27日の米国市場では、9月米耐久財受注が予想外の減少となったことや、ウォール・ストリート・ジャーナル紙が11月2~3日のFOMCで決められるとみられる追加の金融緩和策について「国債の購入額は今後数カ月で数千億ドル規模になる可能性が高い」と報じたことが、市場予想よりやや控えめと受け止められ、相場に高値警戒感が出ていたことも手伝い、利益確定売りが優勢となりました。NYDowの下げ幅は一時150ドルに迫る場面がありました。ただ、午後はドル買いが一服したこともあり、引けにかけて下げ幅を縮めました。
28日の日本市場では、米国株式市場や為替相場が落ち着いた動きとなったことで、朝方から手掛かり材料不足の展開となりました。日銀金融政策決定会合の次回日程が伝わった直後に上げ幅を広げる場面もありましたが、それ以外は、来週のFOMCを見極めたいというムードは根強く、前日終値をやや下回る水準での小動きに終始しました。決算発表の内容も、全体相場を牽引するほどのインパクトとは乏しい状況です。
[テクニカル視点]
日経平均は、25日線、9日線の下に在ります。短期トレンドは赤信号が点灯しています。総合乖離率は-7.7%とマイナス幅が拡がりました。200日線との乖離率は-6.3%とマイナス幅が拡がりました。日経平均は一目均衡表の雲の上に在ります。2つの要素がマイナスですので、中期的トレンドは黄信号が点灯しています。
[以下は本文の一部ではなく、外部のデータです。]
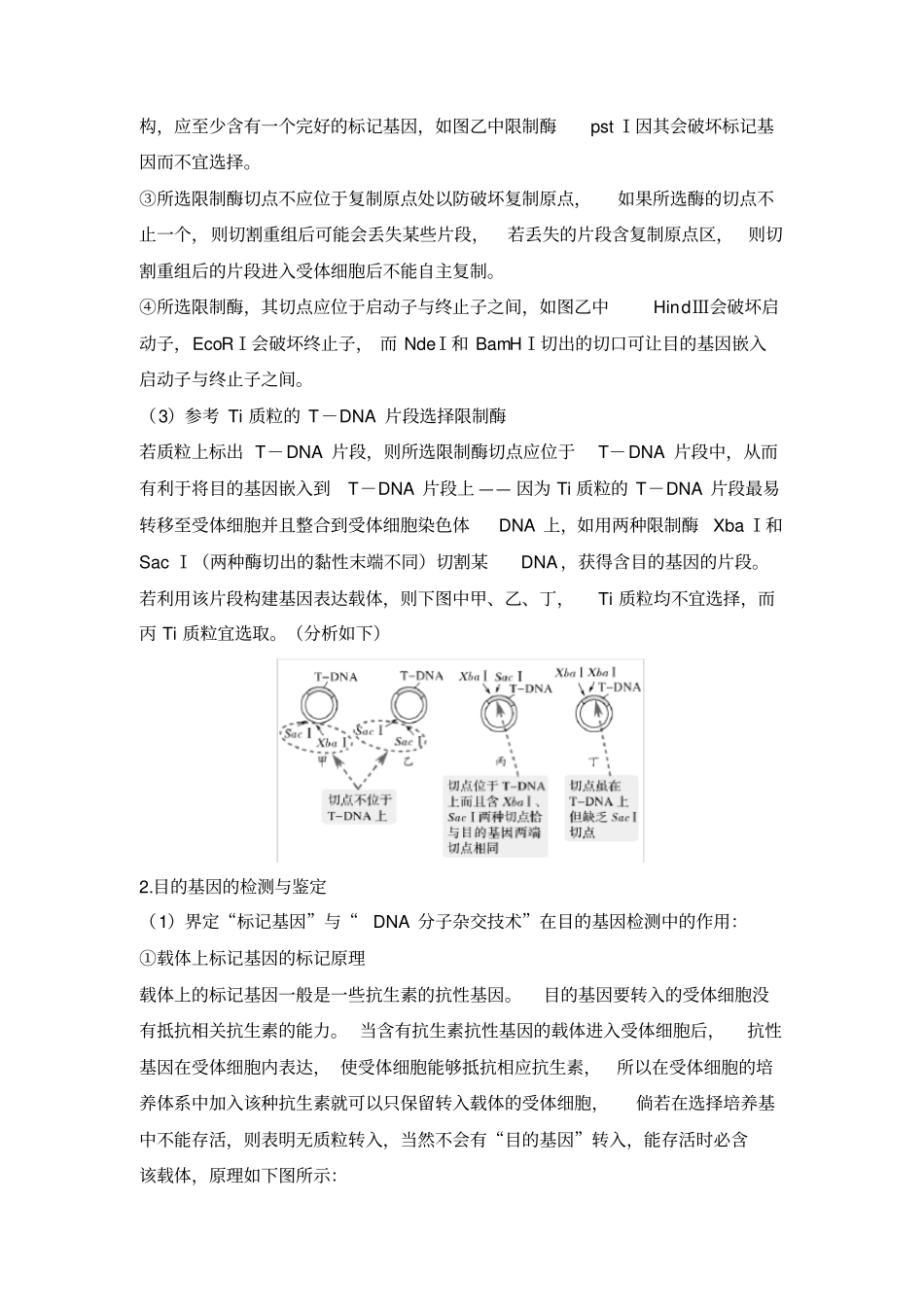 考点加强课6限制酶的选择与目的基因的检测与鉴定_第2页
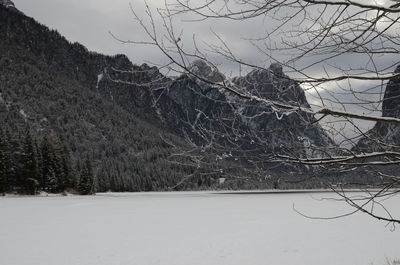 Bare trees on snow covered landscape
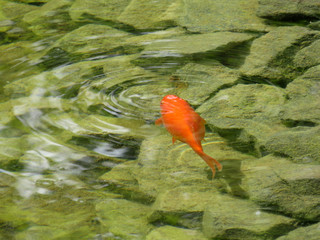 Goldfish in the pond, top view. Koi floats on background of rocky bottom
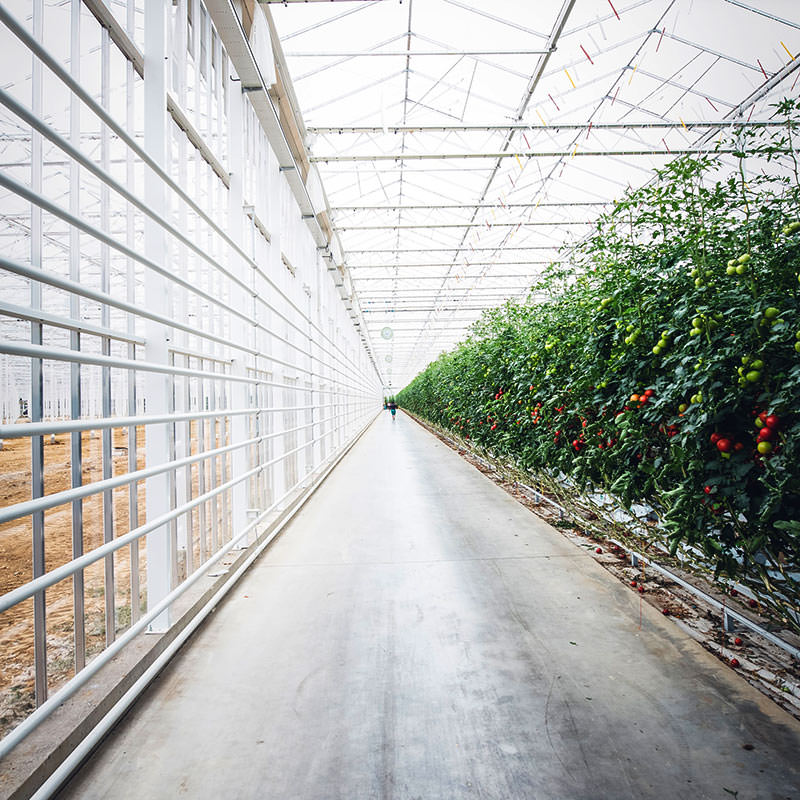 serra pomodori ricerca innovazione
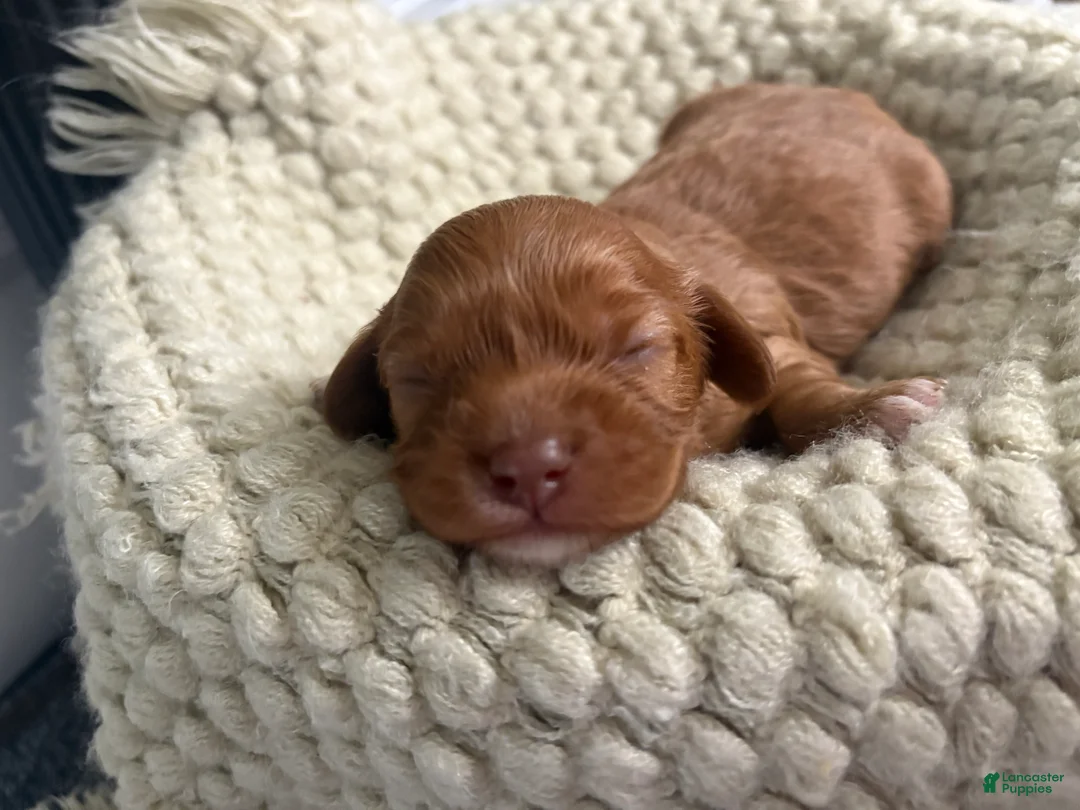 Cavapoo dogs for sale: Dallas - Ad 1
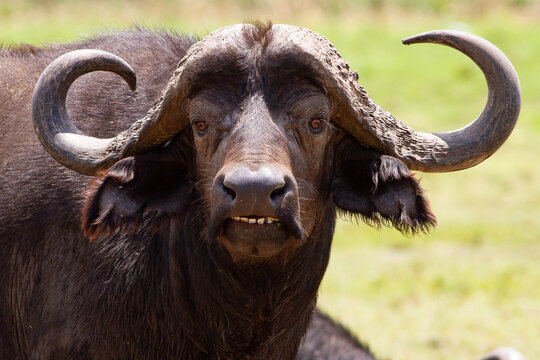 Bufle d'Afrique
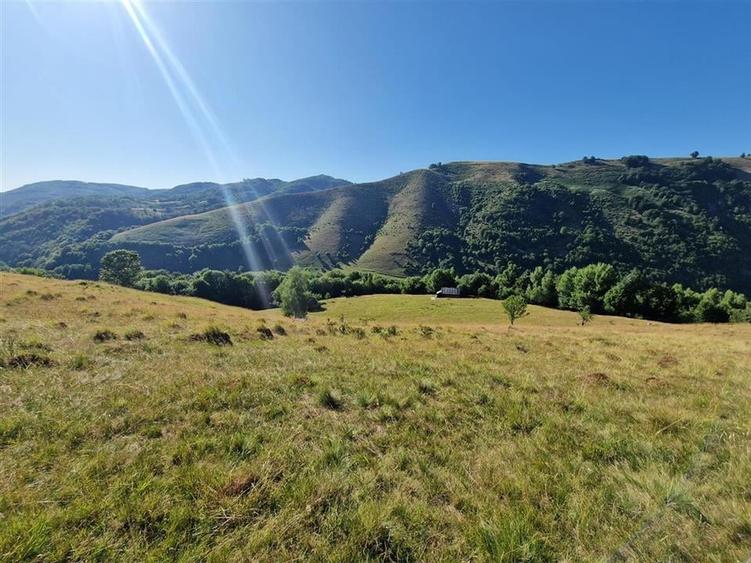 Teren Construcții intravilan de 31258 mp, în Remeți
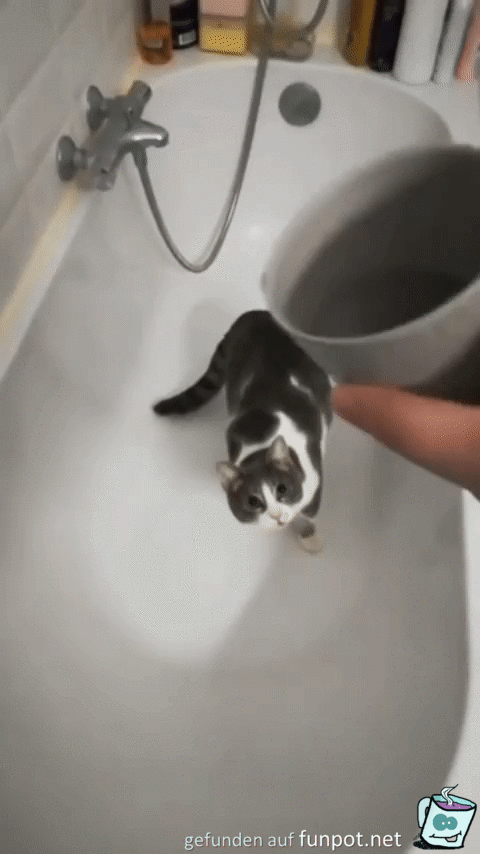 Katze liebt Wasser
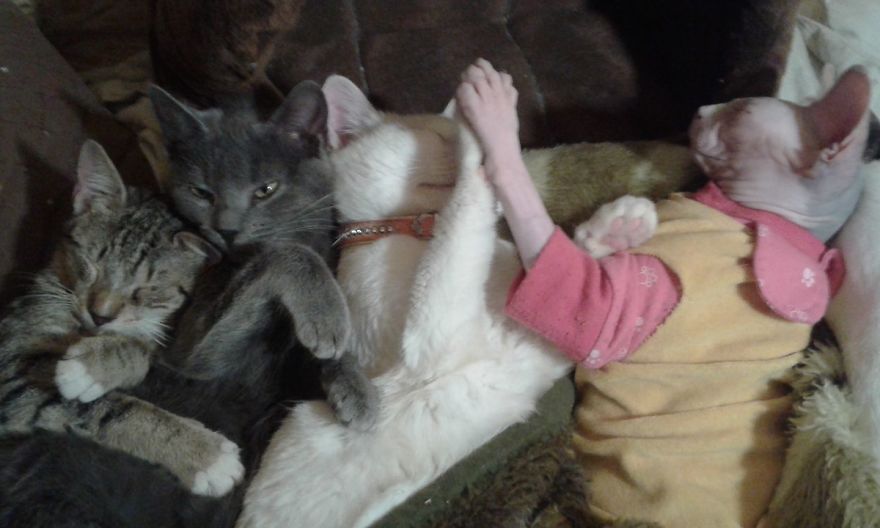 10 Reasons To Love The Crazy Cat Lady In Your Life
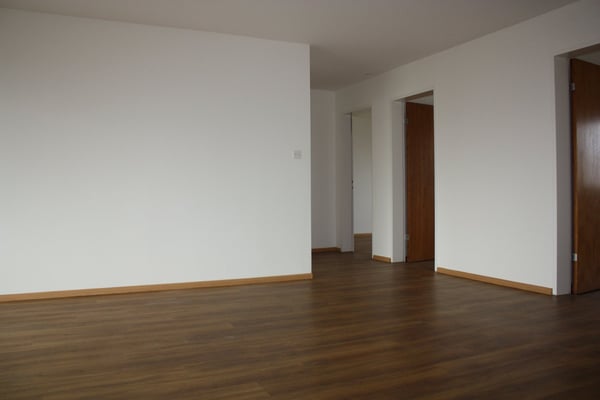 Geräumige 1-Zimmer-Wohnung mit Balkon in ruhiger Lage in Flüh 5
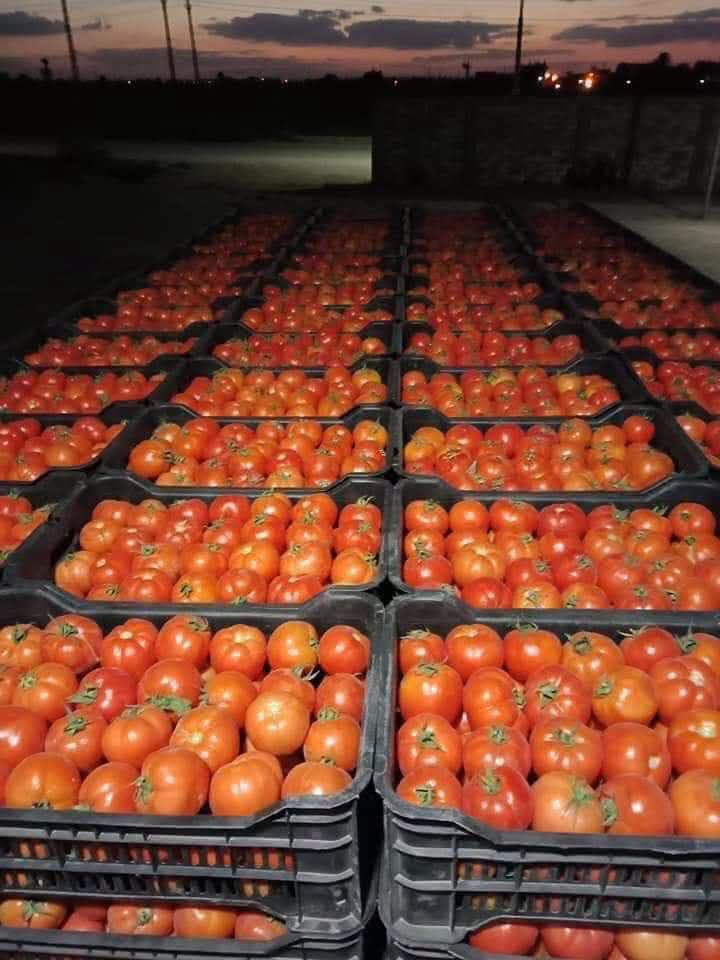 Tomato Prices Crash to as Low as K15 a Box at Soweto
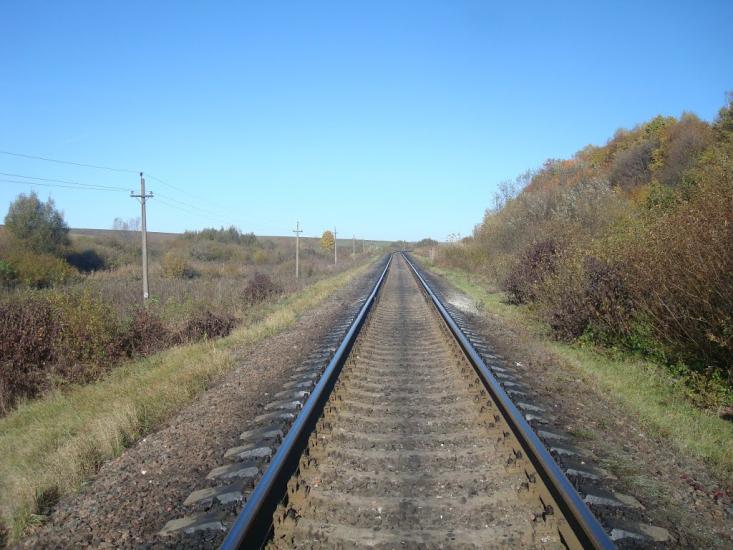 Западинці з panoramio.com - Западинці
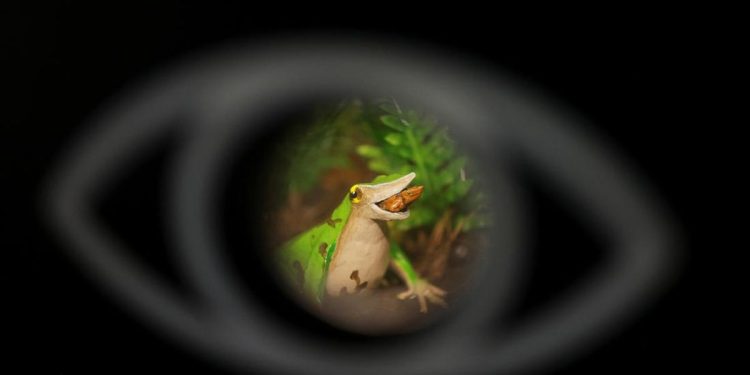 Usaha Terakhir Menyelamatkan Katak Darwin dari Ancaman Punah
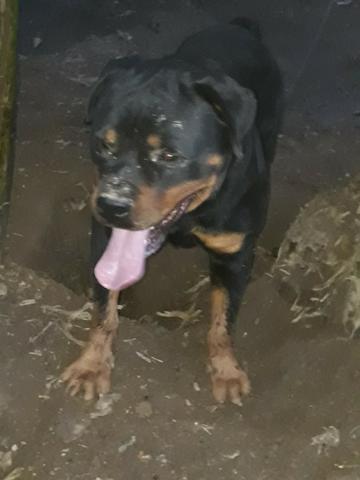 Rottweiler pra Cruza - Cabeça de Touro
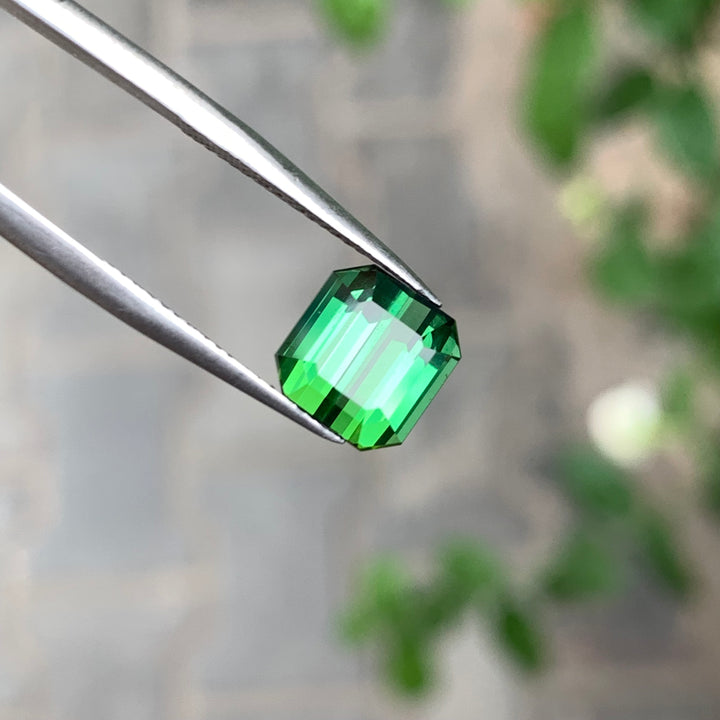 2.90 Carats Loose Green Tourmaline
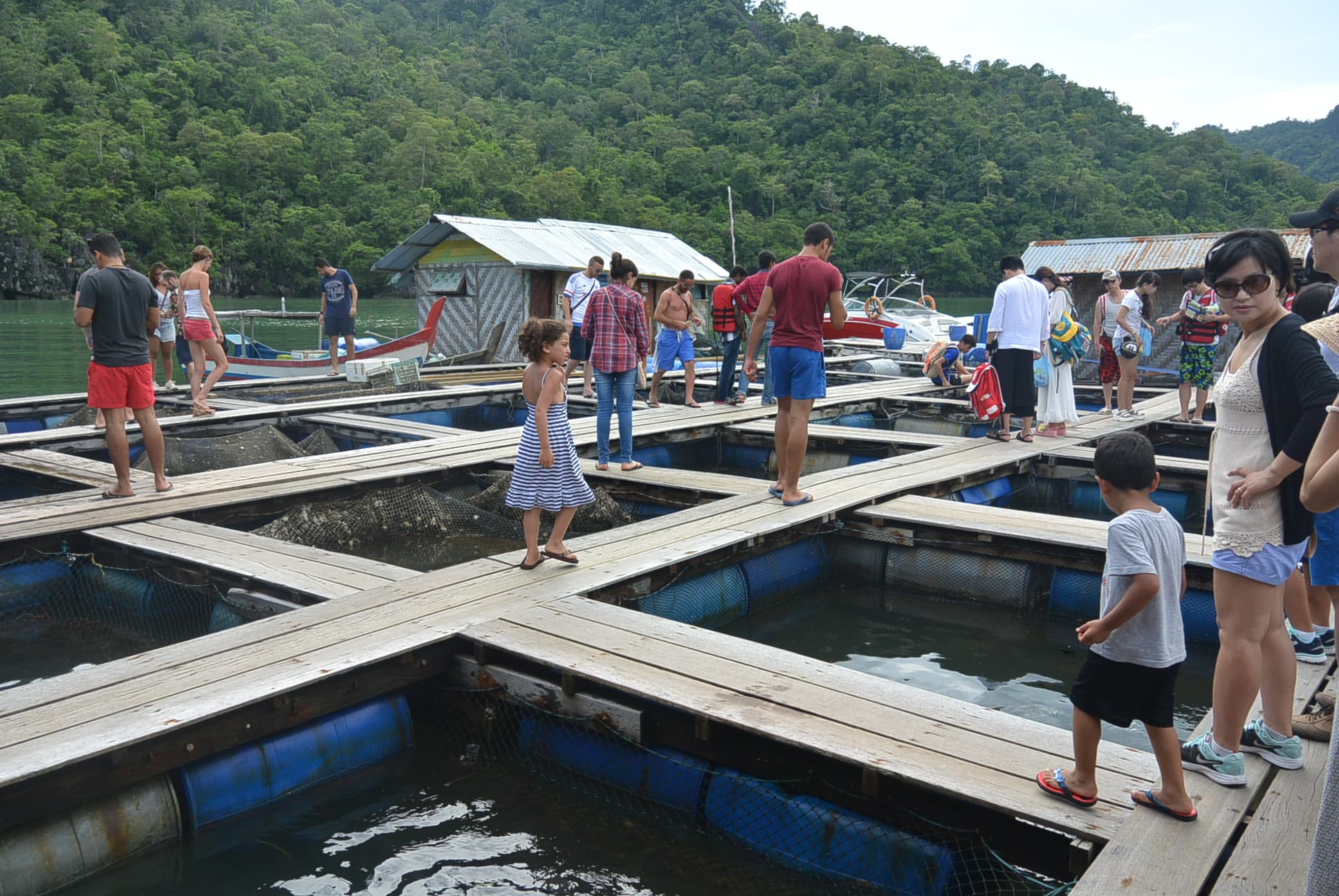 Die Fischfarm mit den Becken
また、ドルベースの日経平均(海外投資家からの見た目)は、200日線の上に在りますが、25日線、9日線の下に在ります。一目均衡表では雲の上に在ります。
NYDowは、200日線、25日線、9日線の上に在ります。一目均衡表では雲の上に在ります。
NASDAQは、200日線、25日線、9日線の上に在ります。一目均衡表では雲の上に在ります。米国市場の短期トレンドは青信号が点灯しています。中期トレンドは青信号が点灯しています。
テクニカルな指標である、日米市場の200日移動平均線と株価の乖離率の差は、日本市場が15.2ポイント割安(弱い動き)であることを示しています。日本市場の割安幅は0.4ポイント拡がりました。
[ファンダメンタルの現状認識]
イールドスプレッドの日米差は、5月に改訂されたOECDの2010年予想実質GDP伸び率の日米差を考慮した結果、ファンダメンタル面では、日本市場が米国市場に比べ2.2ポイント割安となっています。
市場は現在、「米国の景気と雇用状況と金融規制の影響」、「欧州の財政赤字と景気後退の行方」や「中国の金融引き締めの影響」、「為替の動向」といった事柄を材料としているようです。FRBは2010年の実質GDP成長率見通しを下方修正し、米国の4-6月期のGDPは縮小ぎみです。一方、7-9月期の主要企業の決算発表内容は概ね好調です。経済指標では、10月のコンファレンスボード消費者信頼感指数、9月のISM非製造業景況感指数、9月の製造業購買担当者景気指数、8月の米個人消費支出、9月のシカゴ購買部協会景気指数、8月の小売売上高、などは市場予想を上回りましたが、9月米耐久財受注、10月のフィラデルフィア連銀製造業景気指数、9月の鉱工業生産指数、9月のISM製造業景気指数、などは予想以下となりました。8月の失業率は9.6%と増加したものの、雇用者数が事前予想以上となりました。一方、住宅関連では、9月の新築住宅販売件数は2か月連続のプラスとなり、10月の住宅市場指数が5ヶ月ぶりに前月比で上昇し、9月の中古住宅販売件数は予想以上でした。また、8月のS&P/ケース・シラー住宅価格指数は前年同月比で1.7%上昇したものの伸びが鈍化しました。8月の景気指標と住宅関連指標は弱い内容でしたが、9月、10月は改善傾向です。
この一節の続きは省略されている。